To be sure, the Bush people tried hard to keep their ideological vigor, even amidst the occupational hazard of Beltway-itis. Deep in the text, for instance, is a specific endorsement of "tax policies - particularly lower marginal rates - that improve incentives for work and investment." But elsewhere, even when it means well, the document dances atop potential land mines. It declares that American victory in the Cold War left the world with "a single sustainable model for national success: freedom, democracy, and free enterprise" - which sounds wonderful to Cato-ite ears at first hearing. But look closer, at the S-word: "sustainable." A whole huge United Nations conference was built upon that word, the World Summit on Sustainable Development, which met in Johannesburg, South Africa, earlier this month. And so every time the Bushies embrace that favored buzzword of the left, they open the door for others - in the media, in Congress, in subsequent presidential administrations - to spin those buzzwords over toward the port side of the ideological aisle.

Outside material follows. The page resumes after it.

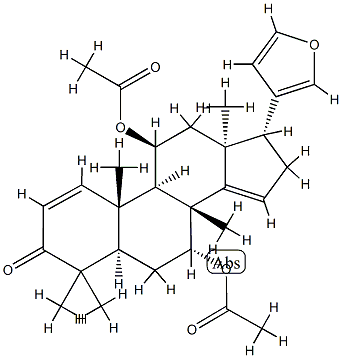 (13α,17α)-7α,11β-Diacetoxy-21,23-epoxy-4,4,8-trimethyl-24-nor-5α-chola-1,14,20,22-tetren-3-one Structure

'Twas ever thus. In the late 1960s, the Nixon Administration left in place such nice-sounding but policy-freighted words as "affirmative action" and "equal opportunity." Soon, those phrases were encased inside ever-burgeoning bureaucracies and enforcement schemes that bear perverse and anti-conservative fruit even to this day.

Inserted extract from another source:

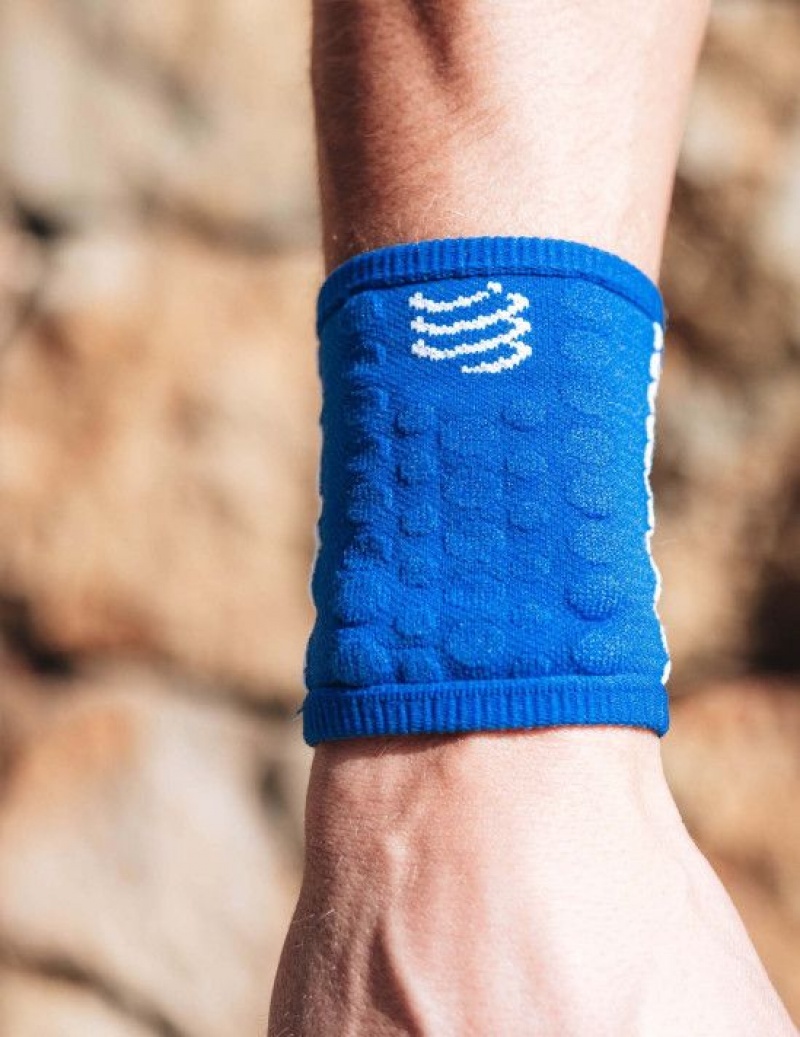 Compressport Sweatbands 3D.Dots Wrist Sweatbands Heren Blauw Wit | BTFZV-3970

Moreover, in some places, the text mostly concedes the arguments of the left, especially the green left. One might consider, as a further f'rinstance, the discussion of climate change. The document doesn't mention the Kyoto Treaty by name, but it might just as well:
Economic growth should be accompanied by global efforts to stabilize greenhouse gas concentrations associated with this growth, containing them at a level that prevents dangerous human interference with the global climate. Our overall objective is to reduce America's greenhouse gas emissions relative to the size of our economy, cutting such emissions per unit of economic activity by 18 percent over the next 10 years, by the year 2012. Our strategies for attaining this goal will be to:
remain committed to the basic U.N. Framework Convention for international cooperation;
obtain agreements with key industries to cut emissions of some of the most potent greenhouse gases and give transferable credits to companies that can show real cuts;
develop improved standards for measuring and registering emission reductions.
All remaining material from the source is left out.